Caddis36 - Where did you hear about the cancellation? Do you have a link or an email stating that?


----------



## hoghunter011583 (Jul 21, 2008)

This is funny!! I don't have a clue about the herd down there but it seems like whenever the animals are not coporating it is the DWR's fault!! 
All they want is money so the just over sold tags to make extra money,,, ahahhaa!!! I'm not saying they do things perfect but do you really think they are that short sighted? You have to understand that the DWR are guys and gals like you and me and I really think they try to do what they think is best. They are going to get it wrong sometimes. Do you always do your job perfect? I know I don't, I make mistakes everyday and so do the people at the DWR. Everyone loves to just say they are all about the money but what if they didn't bring in money. Are you going to provide all the services they would have to cut?

Maybe they are total idiots and have no idea what they are doing, but the more I learn about how they do things the more I'm impressed.


----------



## swbuckmaster (Sep 14, 2007)

fishbate said:


> Caddis36 - Where did you hear about the cancellation? Do you have a link or an email stating that?


ya there is nothing on their web page about the cancellation. Post your proof please!


----------



## Guest (Sep 22, 2010)

go to the online version of the 2010 antlerless proc. on the dwr website. then go to the pronghorn hunts and number #886 has a line through it and next to it is says "canceled"


----------



## swbuckmaster (Sep 14, 2007)

http://wildlife.utah.gov/guidebooks/201 ... n_hunt.pdf

here is the info. Sucks


----------



## Kdub (Sep 6, 2010)

kill_'em_all said:


> Caddis36 said:
> 
> 
> > Well they just cancelled the Antless Pronghorn HUnt #886 because of lack of antelope. SO take that for what's it worth.
> ...


I was once that kid hunting and Im sure a lot of other avid hunting enthusiasts on here where once that kid too. Now I can't speak for everyone, but I didnt kill a deer for a long time. I put in grueling hikes and never saw an animal. I am no worse for the wear and still have a deep love for the sport.


----------



## dkhntrdstn (Sep 7, 2007)

It just sounds like some people just want a easy hunt and no hunting is easy some days it is other it ant.That why it called hunting not shooting or killing.


----------



## PBH (Nov 7, 2007)

So -- kill 'em all: Are you happy? Or mad? It looks to me like the DWR has done exactly what you wanted done. So, is the title of your thread facetious? Or are you truly happy with what the DWR has done.
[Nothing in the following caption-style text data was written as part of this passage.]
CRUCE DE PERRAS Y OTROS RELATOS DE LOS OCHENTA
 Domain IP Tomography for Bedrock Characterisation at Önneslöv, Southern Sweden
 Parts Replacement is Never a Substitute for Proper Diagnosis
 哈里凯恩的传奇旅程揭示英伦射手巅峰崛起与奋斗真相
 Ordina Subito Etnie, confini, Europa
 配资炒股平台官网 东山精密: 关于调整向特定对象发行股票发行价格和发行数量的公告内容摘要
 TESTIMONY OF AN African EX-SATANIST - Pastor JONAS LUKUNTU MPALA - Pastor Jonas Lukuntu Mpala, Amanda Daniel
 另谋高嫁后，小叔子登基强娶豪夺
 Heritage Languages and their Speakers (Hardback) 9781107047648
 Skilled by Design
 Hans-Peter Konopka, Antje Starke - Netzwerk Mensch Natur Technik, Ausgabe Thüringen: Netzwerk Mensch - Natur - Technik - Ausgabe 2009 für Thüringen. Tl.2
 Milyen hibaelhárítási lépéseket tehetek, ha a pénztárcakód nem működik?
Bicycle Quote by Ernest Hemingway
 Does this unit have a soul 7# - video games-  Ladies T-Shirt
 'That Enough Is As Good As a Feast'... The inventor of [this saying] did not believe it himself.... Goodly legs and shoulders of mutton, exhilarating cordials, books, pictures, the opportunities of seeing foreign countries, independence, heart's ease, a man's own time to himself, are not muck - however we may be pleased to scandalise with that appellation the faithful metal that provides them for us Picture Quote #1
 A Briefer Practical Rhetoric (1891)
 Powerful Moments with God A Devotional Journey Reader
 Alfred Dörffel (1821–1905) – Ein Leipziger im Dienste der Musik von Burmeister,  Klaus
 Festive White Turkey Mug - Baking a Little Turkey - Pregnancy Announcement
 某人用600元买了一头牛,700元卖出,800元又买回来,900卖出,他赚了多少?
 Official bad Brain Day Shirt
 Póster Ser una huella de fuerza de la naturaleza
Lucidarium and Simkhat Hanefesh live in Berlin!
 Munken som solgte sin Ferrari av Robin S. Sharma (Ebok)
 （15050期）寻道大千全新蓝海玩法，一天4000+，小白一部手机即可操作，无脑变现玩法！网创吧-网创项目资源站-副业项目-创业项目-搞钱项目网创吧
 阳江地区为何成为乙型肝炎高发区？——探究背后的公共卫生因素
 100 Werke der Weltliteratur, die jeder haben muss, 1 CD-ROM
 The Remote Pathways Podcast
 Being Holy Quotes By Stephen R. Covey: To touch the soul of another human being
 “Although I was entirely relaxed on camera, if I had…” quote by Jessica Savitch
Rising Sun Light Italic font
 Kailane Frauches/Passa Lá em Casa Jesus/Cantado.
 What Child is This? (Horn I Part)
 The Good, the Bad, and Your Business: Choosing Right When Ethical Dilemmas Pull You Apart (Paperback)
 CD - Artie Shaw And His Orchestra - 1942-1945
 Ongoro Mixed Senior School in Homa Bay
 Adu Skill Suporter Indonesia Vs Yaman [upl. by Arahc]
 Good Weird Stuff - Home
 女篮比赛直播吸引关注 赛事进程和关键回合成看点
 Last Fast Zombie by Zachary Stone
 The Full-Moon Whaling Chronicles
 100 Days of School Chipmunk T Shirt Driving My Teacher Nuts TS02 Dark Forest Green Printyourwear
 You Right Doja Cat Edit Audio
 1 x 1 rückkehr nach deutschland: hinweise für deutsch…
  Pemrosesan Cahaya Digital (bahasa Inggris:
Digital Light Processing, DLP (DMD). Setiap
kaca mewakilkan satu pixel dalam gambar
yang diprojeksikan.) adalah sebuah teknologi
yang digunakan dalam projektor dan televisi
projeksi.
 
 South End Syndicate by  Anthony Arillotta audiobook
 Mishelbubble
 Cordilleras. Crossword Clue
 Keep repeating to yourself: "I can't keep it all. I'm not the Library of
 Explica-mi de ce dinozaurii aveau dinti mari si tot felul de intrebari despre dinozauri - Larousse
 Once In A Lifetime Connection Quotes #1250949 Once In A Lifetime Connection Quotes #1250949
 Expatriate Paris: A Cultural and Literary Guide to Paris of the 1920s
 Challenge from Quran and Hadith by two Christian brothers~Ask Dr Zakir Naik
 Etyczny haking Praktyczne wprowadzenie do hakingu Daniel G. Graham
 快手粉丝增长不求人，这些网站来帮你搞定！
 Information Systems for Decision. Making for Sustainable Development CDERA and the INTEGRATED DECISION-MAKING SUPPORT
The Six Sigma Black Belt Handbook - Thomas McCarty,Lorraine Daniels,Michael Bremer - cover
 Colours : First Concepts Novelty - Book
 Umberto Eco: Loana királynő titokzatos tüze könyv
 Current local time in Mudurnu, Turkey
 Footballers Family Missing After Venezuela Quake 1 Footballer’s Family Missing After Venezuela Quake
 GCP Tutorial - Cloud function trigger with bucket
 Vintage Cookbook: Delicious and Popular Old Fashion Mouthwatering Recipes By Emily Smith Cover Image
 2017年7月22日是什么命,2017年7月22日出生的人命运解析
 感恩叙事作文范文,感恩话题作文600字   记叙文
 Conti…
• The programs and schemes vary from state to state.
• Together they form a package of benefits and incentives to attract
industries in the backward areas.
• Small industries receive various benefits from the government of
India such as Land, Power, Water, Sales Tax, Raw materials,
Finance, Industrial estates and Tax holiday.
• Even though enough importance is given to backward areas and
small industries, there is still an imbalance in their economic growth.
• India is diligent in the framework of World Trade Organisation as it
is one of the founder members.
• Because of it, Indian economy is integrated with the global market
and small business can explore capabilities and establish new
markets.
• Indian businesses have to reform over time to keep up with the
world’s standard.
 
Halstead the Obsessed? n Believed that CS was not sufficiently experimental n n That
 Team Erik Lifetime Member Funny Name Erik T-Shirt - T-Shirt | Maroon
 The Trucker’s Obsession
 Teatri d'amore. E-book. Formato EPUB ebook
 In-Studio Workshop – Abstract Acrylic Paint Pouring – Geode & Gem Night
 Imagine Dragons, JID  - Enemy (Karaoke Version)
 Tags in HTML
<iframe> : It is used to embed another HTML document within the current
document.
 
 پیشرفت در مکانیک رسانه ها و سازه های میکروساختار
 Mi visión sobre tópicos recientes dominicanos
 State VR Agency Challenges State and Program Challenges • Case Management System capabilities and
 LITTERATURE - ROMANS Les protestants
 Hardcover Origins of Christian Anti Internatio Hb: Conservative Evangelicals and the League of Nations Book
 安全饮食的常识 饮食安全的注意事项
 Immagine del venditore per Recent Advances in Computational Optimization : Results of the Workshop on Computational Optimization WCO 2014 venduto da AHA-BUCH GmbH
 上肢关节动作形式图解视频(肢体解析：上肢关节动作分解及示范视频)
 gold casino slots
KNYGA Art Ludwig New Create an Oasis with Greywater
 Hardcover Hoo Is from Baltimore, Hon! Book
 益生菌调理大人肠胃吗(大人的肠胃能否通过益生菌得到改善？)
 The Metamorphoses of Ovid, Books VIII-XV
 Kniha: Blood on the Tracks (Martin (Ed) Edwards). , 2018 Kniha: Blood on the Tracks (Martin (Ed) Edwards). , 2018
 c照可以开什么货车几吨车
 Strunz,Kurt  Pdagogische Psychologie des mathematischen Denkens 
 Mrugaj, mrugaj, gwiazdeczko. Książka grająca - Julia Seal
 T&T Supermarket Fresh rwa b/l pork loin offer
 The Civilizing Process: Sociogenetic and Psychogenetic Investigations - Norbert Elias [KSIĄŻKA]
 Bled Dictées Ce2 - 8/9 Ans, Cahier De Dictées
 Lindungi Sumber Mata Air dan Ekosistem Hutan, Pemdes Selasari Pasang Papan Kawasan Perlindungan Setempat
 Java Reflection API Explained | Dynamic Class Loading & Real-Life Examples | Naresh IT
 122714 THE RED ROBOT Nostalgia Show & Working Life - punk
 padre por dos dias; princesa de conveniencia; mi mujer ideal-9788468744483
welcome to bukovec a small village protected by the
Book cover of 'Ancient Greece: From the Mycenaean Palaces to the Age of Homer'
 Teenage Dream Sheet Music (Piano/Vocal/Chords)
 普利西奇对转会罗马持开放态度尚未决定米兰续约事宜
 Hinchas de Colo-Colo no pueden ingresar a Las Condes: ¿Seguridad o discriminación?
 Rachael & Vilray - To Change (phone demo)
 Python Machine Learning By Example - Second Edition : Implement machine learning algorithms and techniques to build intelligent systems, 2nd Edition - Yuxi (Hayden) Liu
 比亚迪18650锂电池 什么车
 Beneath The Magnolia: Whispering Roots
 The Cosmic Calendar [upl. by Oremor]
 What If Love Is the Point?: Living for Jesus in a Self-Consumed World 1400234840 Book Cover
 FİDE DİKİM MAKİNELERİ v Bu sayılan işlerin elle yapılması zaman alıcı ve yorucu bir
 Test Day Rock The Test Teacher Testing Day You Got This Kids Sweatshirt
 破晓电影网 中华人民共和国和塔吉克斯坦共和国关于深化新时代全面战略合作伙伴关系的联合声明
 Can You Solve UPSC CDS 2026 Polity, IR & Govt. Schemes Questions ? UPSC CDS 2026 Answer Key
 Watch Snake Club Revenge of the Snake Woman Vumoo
Sounds like maybe the DWR is more concerned about herd objectives than they are selling tags...


----------



## mikevanwilder (Nov 11, 2008)

swbuckmaster said:


> http://wildlife.utah.gov/guidebooks/2010_emergency/plateau_pronghorn_hunt.pdf
> 
> here is the info. Sucks


So are they going to refund those that have tags? I would think and maybe if/when they change the application period, they will have the herd numbers in before offering X amount of tags for a unit that can't afford X amount of animals to be harvested.


----------



## quakeycrazy (Sep 18, 2007)

kill_'em_all said:


> [quote="clean pass through":zg6sxu85]Sorry but when you stated, " I DROVE around for 6.5 hours hunting with my brother....", you kinda lost credibility.
> I know that is my opinion and you can tell me to stick it if you like. There are more than enouph antelope on that unit to support as many tags as they have. You just might have to HUNT on a HUNT, go figure? Sorry for ticking you off in advance, I know your hunt has not gone as planned thus far.


how else do you hunt antelope?? do you walk down the roads?? this isnt elk or deer hunting. unless sitting in a ground blind hunting with archery equipment, you drive around so you can cover and look at more area in a shorter amount of time. THEN you get out and try a stalk. i shouldnt have to walk a 15 year old kid to death in order to kill a goat. thats not any fun for anyone. everyone who hunts goats is guilty of road hunting. except for you, your the 1 guy who hunts antelope on foot the minute he gets off the pavement. good luck with that[/quote:zg6sxu85]

You have to hunt to hunt but kill 'em is right, there is no way you can hunt that area without putting miles on your truck or atv searching for a herd somewhere in the flats. I think you just got to stick with it and look at some more areas they may have moved to, that area definitly holds more than a few antelope. Good luck on your hunt


----------



## wyoming2utah (Sep 12, 2007)

kill_'em_all said:


> are they going to refund people who did have doe tags for the Plateau??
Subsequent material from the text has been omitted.